Content starts

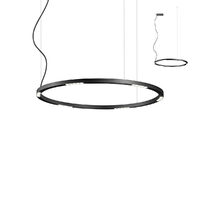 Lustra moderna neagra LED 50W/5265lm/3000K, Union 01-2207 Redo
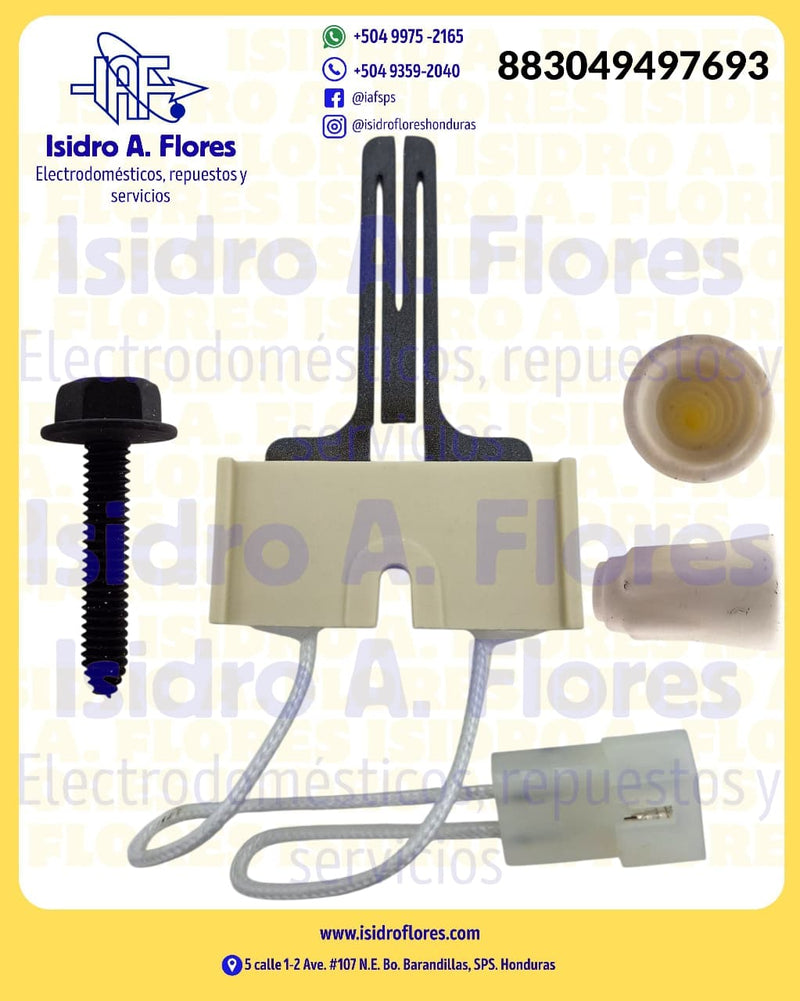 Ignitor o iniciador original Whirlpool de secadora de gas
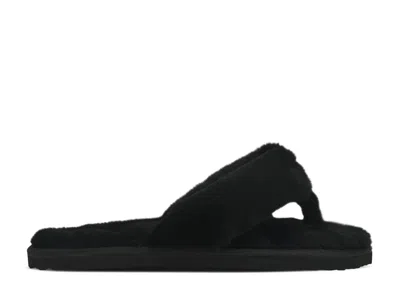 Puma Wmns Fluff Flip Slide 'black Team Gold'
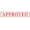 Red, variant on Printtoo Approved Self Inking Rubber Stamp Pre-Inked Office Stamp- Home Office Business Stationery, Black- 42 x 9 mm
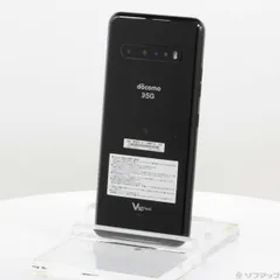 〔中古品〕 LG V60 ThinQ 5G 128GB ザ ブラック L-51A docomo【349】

Content ends
Content starts

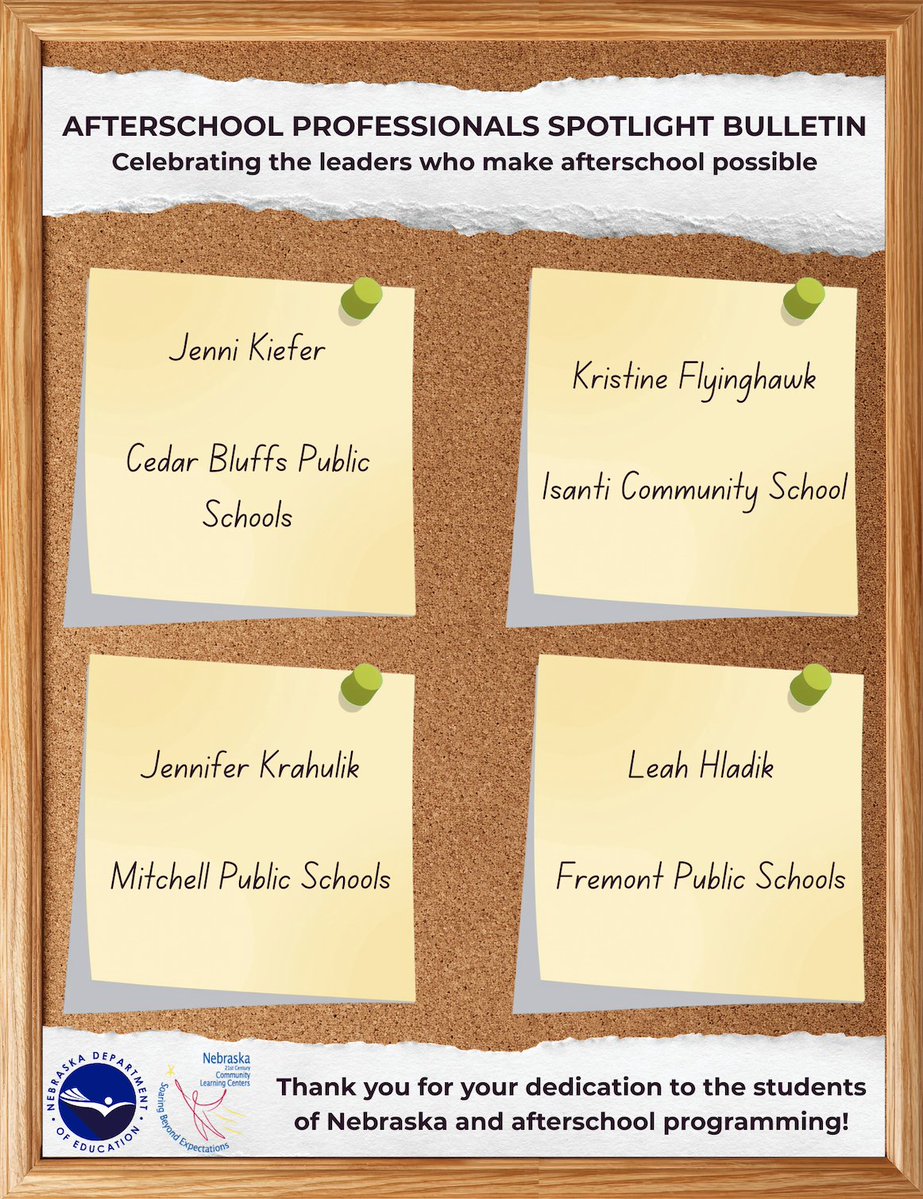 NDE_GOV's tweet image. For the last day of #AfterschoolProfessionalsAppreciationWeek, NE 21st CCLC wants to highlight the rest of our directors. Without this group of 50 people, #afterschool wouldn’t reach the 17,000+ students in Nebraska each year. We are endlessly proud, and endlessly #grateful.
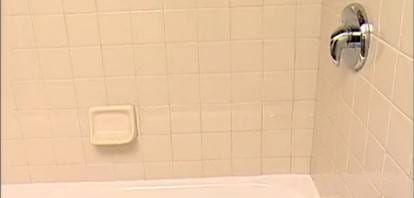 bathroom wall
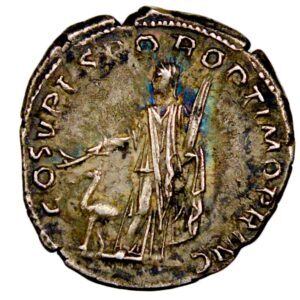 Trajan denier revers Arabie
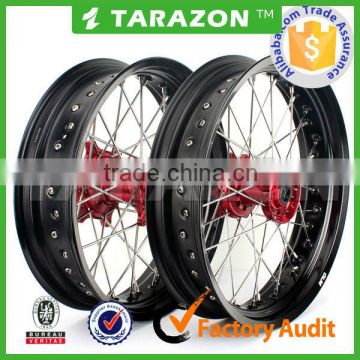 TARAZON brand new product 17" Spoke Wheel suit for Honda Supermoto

Content ends

PROBLEM STATEMENT.
Look above for the line with "Trajan denier revers Arabie", then print it and each line after it down to and including the line with "TARAZON brand new". Leave out the pictures and keep the wording exact.

SOLUTION FOR THIS TASK.
 Trajan denier revers Arabie
 TARAZON brand new product 17" Spoke Wheel suit for Honda Supermoto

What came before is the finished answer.